About a year ago, Paul Hadfield and The McCoys was basically unknown on the Chattanooga club scene. Friday night, they helped kick off the opening night of the city's biggest music festival.
The significance of that twist of fate wasn't lost on them. Even 20 minutes before his 6 p.m. downbeat on the Volkswagen Stage, the Southern-fried roots rock quartet's front man was still mulling over the possibilities inherent to playing Riverbend.
"Just the opportunity to be in front of a crowd potentially that big is a big thing," Hadfield said. "To go from no one knowing who we were to having this opportunity is a big leap. More than anything, it's a great, great chance."
Since April, Hadfield and his bandmates -- Keith Chastain (guitar), Stephen Hare (bass) and Daniel Hooker (drums) -- have been applying a mirror polish to a 60-minute set of roots-rock songs. Despite the potential to reach hundreds, perhaps thousands of potential new fans, however, their main concern was the overcast skies that had loomed over the city all day.
"I don't feel any apprehension. The only thing I worry about is whether it will rain and scare people off," Hadfield said, laughing. Behind him, a few dozen people milled about at the foot of the stage, including his parents, Donna and Randy Hadfield, who drove down to see him from his former hometown of Paducah, Ky.
After a brief prayer and with a high-five to his son, Logan, 4, and his daughter, Sophie, 8, Hadfield took the stage. Once he'd affixed a coyote tail to his guitar and tied his red bandana around the mic stand, they kicked things off.
According to Friends of the Festival talent assistant Bob Payne, about 40 percent of the 82 acts scheduled to play Riverbend this year come from within 50 miles of Chattanooga.
Payne is in charge of booking acts for the Volkswagen Stage, the stage featuring mostly local talent situated on the lawn between the gates at Power Alley and Chestnut Street. Every year, he receives about 300 demo tapes from local artists clamoring for a chance to play the festival, but he said he almost always takes the time to see them at a live show before pulling the trigger on a booking.
Some of Payne's selections are no-brainer decisions made after seeing a band win over the public through competitions such as the Road to Nightfall battle of the bands or another popular-vote event.

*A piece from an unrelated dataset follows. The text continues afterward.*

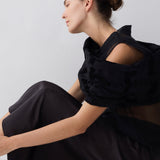 Woman wearing a black outfit sitting on a white background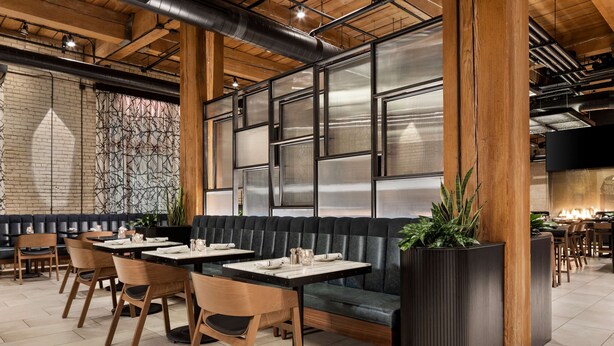 L’intérieur d’un restaurant moderne, avec des poutres en bois, un coin salon capitonné noir et une grande fenêtre aux montures métalliques.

In the case of Hadfield and The McCoys, Payne said they caught his attention last summer through a show during the final round of the Texaco Country Showdown at Rhythm & Brews on Market Street. Although they didn't win the event, Payne immediately offered Hadfield the opening time slot. The second and final VW Stage booking Friday went to Project Illumination, another Texaco Country Showdown finalist.
On average Payne says Riverbend pays local bands about $100 per musician, about equivalent to what they would earn by playing a local club, but the potential rewards of playing for an hour on the riverfront can't be measured with a dollar sign alone.
"When they come here, we give them the very best equipment and sound guys and techs," he said. "That's the time that they probably sound the best. We try to make them feel important."
On Wednesday, Travis Kilgore will perform on the VW Stage as the bassist with local pop band Amber Fults and The Ambivalent Lovers. The show marks Kilgore's third Riverbend appearance, and he said the experience of playing the festival is rewarding on many levels.
"I always look forward to it," Kilgore said. "I think it's a boon to local musicians. The crew is about [your show], the back line is nice, the equipment is nice and the stage doesn't feel like it's going to collapse under me."
And this year, he said, he and his bandmates are determined to make the most of the opportunity.
"This year, we get to open before Boston and give them a really high bar to meet," he added, laughing. "We want people to leave going, 'Boston, who?'"
By the time Hadfield and his compatriots wrapped up their set, the crowd fronting the VW Stage had swollen to several hundred onlookers, including early Coke Stage arrivals who turned their chairs around to listen.
With the last notes of "So Long, So Wrong" still ringing in the air and the sheen of sweat still glistening on his face, Hadfield said the months of prep were worth the hassle.
And the legions of fans they expected to reach?
"Realistically, I think it worked out pretty well," Hadfield said, laughing. "You always dream kind of crazy, but it's about what I expected to see.
"We definitely put some sweat equity into it. I'd do it again tonight."